BigQuery, our leading solution for analytics, is helping customers like Kraft Heinz, Mercado Libre and we’re to help create more personal consumer experiences. BT Group, UPS and other leading brands continue to tap our deep expertise in artificial intelligence and machine learning to power their organizations. This includes our Contact Center AI platform, which helped The Home Depot improve their call containment by 185%, creating a more positive customer support experience. We are proud to share that more than 700 technology partners power their applications with our data cloud.


There’s also ongoing focus on Google Workspace, he said:

To support hybrid work, we recently introduced new collaboration features, including bringing Google Meet directly into Google Docs, Sheets and Slides.

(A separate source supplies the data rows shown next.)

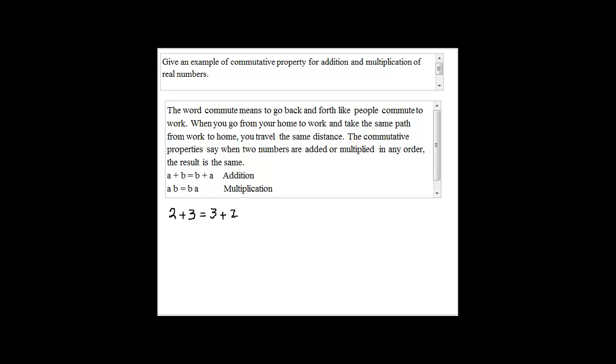Example for multiplication: you can say 3 times 7 is the same as 7 times 3.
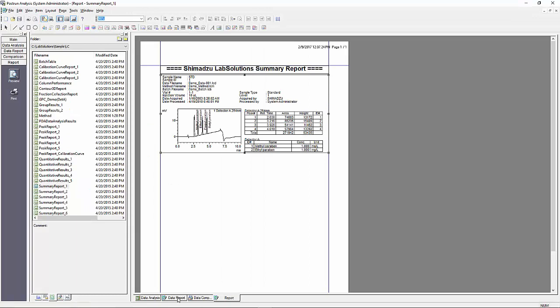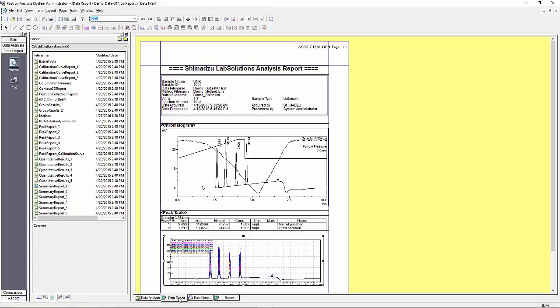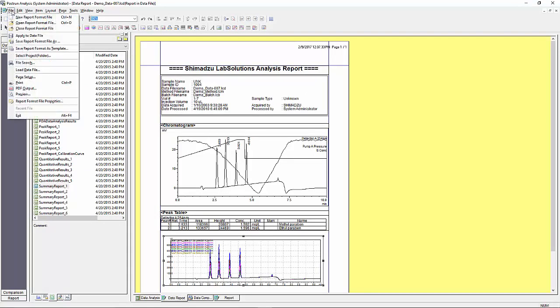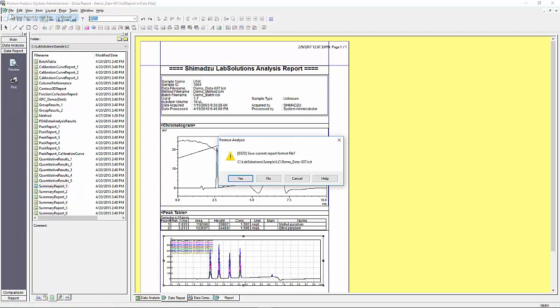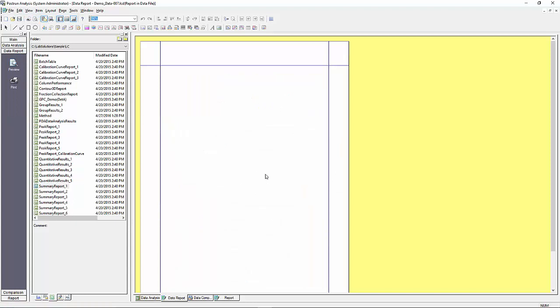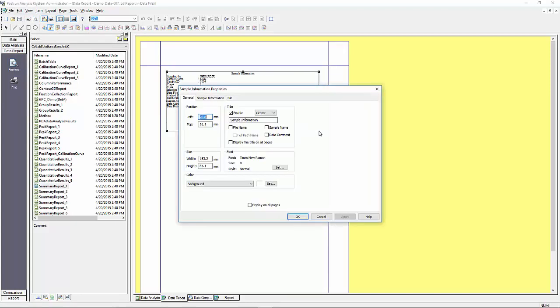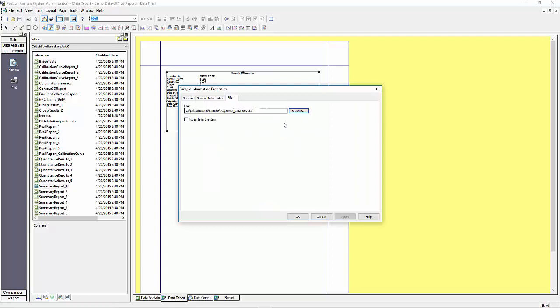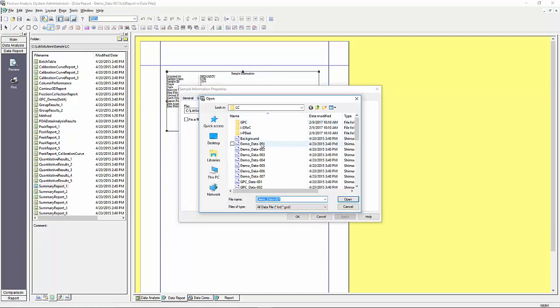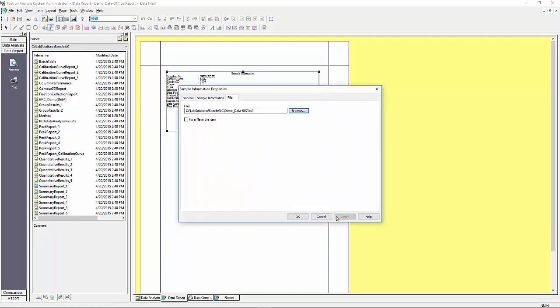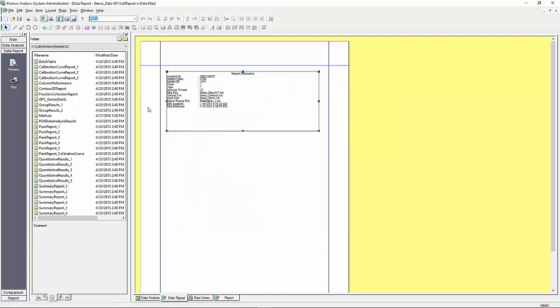If you would like to create an entire report format or template from scratch you can also do that. Go to file and then select new report format file. This will provide you a blank page in the editor for you to start building your own custom report. As mentioned previously, when creating your report, once the item you want to insert is selected, drag and drop a box in the report where you want that item to be displayed.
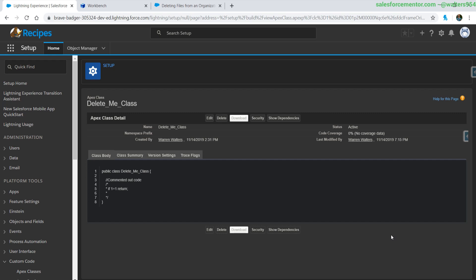Hello everybody, Walters954 here. In this video, I'm going to show you how to delete Apex code from production without needing to download additional tools like Ant, Eclipse, or Visual Studio Code.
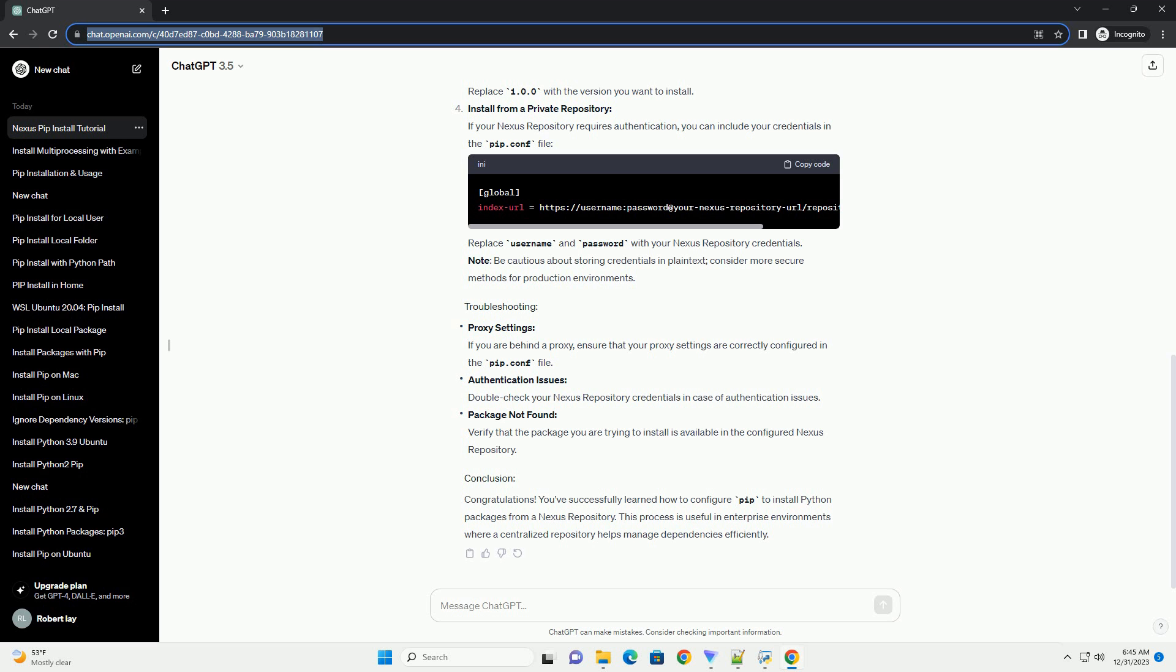If you are behind a proxy, ensure that your proxy settings are correctly configured in the pip.conf file. For authentication issues, double-check your Nexus Repository credentials.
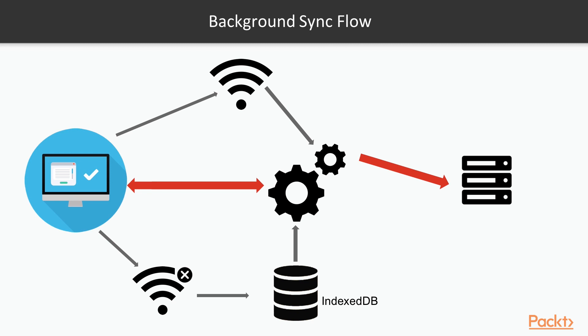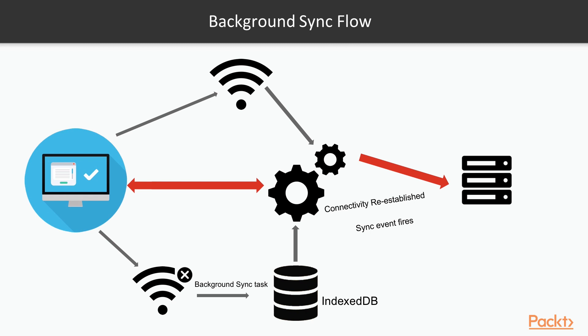Store the data while they are offline in IndexedDB, and then as soon as the data is stored in IndexedDB, we can register a background sync task. That means as soon as the connectivity is re-established, the sync event will fire in service worker. So now in service worker, we have access to this event, and then when that connectivity is re-established, we can go ahead and read the data from IndexedDB.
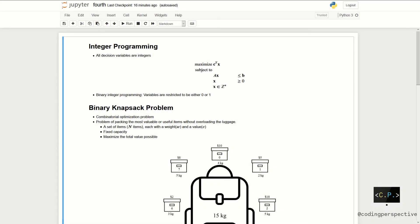Hi everyone! Welcome! In this video, we will learn one of the most known problems in the literature which is called the knapsack problem. But first, we will start with integer programming.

You can now see and hear your team as you collaborate in real time without the need to schedule meetings. Google Meet can now live stream to up to 100,000 people who can also participate in Q&A and polls.

We also launched the next wave of innovation in Google Docs with smart canvas, including auto-generated summaries and pageless format in Docs, smart chips and automating workflow using Gmail. Smart Canvas has seen very rapid uptake with more than 6 million checklist and 6 million smart chips being added to documents each week. These innovations are helping employees adapt to hybrid work at large enterprises like Equifax and Ocean Network Express, digital natives including Flipkart and organizations like the University of Alberta.

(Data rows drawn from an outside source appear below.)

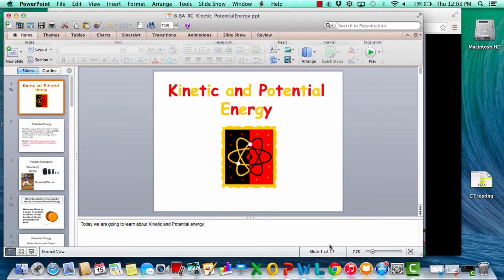That's where we're going to leave off. Tomorrow I'm definitely going to be checking your notes, and we're going to start talking about kinetic and potential energy and especially applying that into our roller coasters. See you tomorrow.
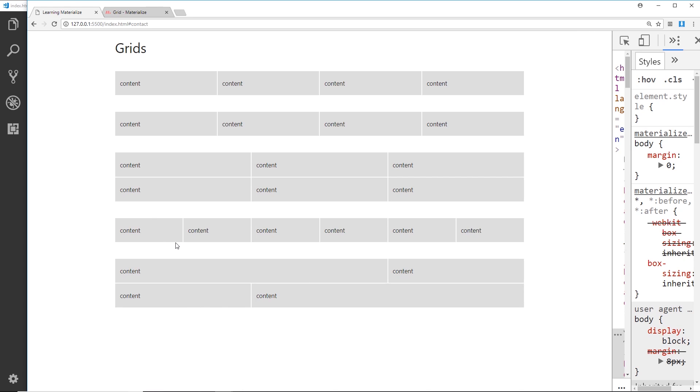We will be using the grid going forward to display different parts of content on our web page.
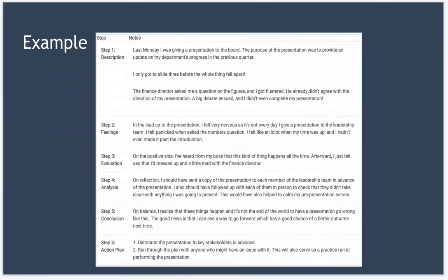In conclusion, I realize that these things happen and it's not the end of the world to have a presentation go wrong like this. The good news is that I can see a way to go forward which has a good chance of a better outcome next time.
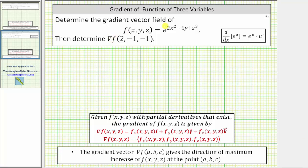We have to determine the gradient vector field of the function of three variables, then determine the gradient vector at the point (2, -1, -1).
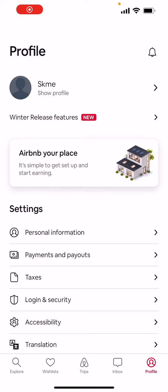Hey guys, today I'm gonna show you how to search only for ski-in and ski-out places in the Airbnb application. But before I do that, I want to say one thing — please subscribe, comment, and like our videos because it really helps us to grow. Okay, now let's jump into it.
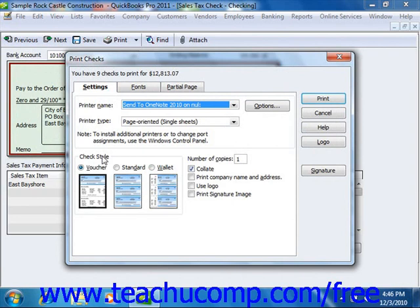In the Check Style section, select the option button that corresponds to the check style that you will use for printing your checks: Voucher, Standard, or Wallet.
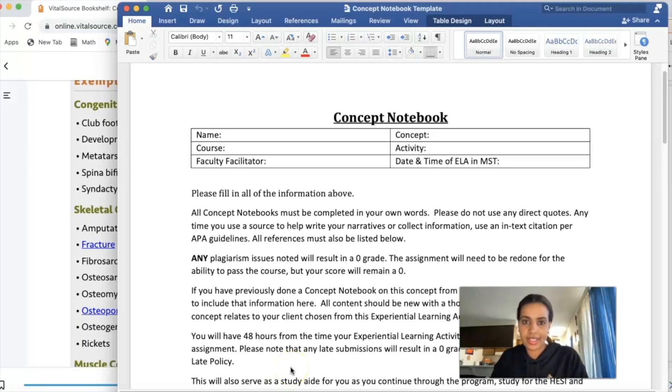Some of you guys asked me to do videos on HESI exams — I'm working on that, gathering information in order to give you guys the right information. I did three HESIs so I will also tell you how I passed my HESIs and what study guide I used. But for today, let's get into concept notebook and reflective journal. I hope you'll find this video useful.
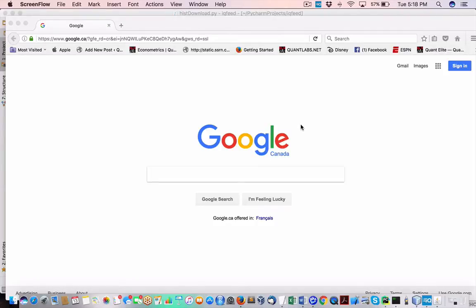Hey everybody, Brian here for Quantlabs.net. Today in this video, I'm going to show you on my Mac how to go about downloading historical U.S. stock data. I've been doing it for a while, actually a number of years.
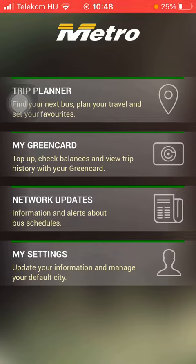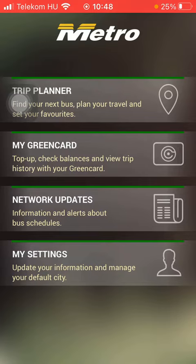Now let's jump into it. First of all, open the app on your phone, then go to your home page and at the bottom of this section you can find the fourth option, my settings, where you can update your information and manage your default city.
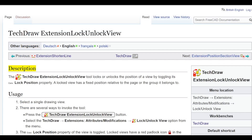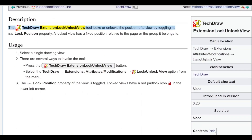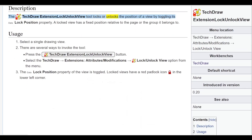The TechDraw Extension Lock Unlock View tool locks or unlocks the position of a view by toggling its Data Lock Position property. A locked view has a fixed position relative to the page or the group it belongs to.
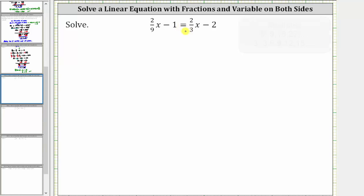However, if we have a hard time determining the least common denominator, we could multiply both sides of the equation by nine times three, which is 27. That would just require more simplifying later. So let's go ahead and multiply both sides of the equation by nine.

As for Google’s own hybrid working thinking, Pichai said the firm will be opening its purse:

To help support our own flexible work plans, this year, we plan to invest approximately $9.5 billion in our US offices and data centers, creating at least 12,000 new Google jobs in the US, in places like New York and Atlanta. To enable our long-term growth, we are investing in areas like Cloud, AI, YouTube, Search and beyond. In 2020 and 2021 combined, we invested $40 billion in research and development here in the US. Beyond the U.S., we have announced new office investments in London and Warsaw and a new product development center in Nairobi. 

My take

Overall, Alphabet’s numbers were disappointing - net income was down $1.5 billion year-on-year, while overall revenue for the quarter was up by 23%, but that’s a marked slowing down from last year’s 34%. What was of note was that Google Cloud Platform’s revenue growth is faster than Google Cloud, with infrastructure emerging as the current sweet spot, albeit one that’s still a long, long way behind Microsoft Azure and Amazon Web Services. But the direction of travel is positive.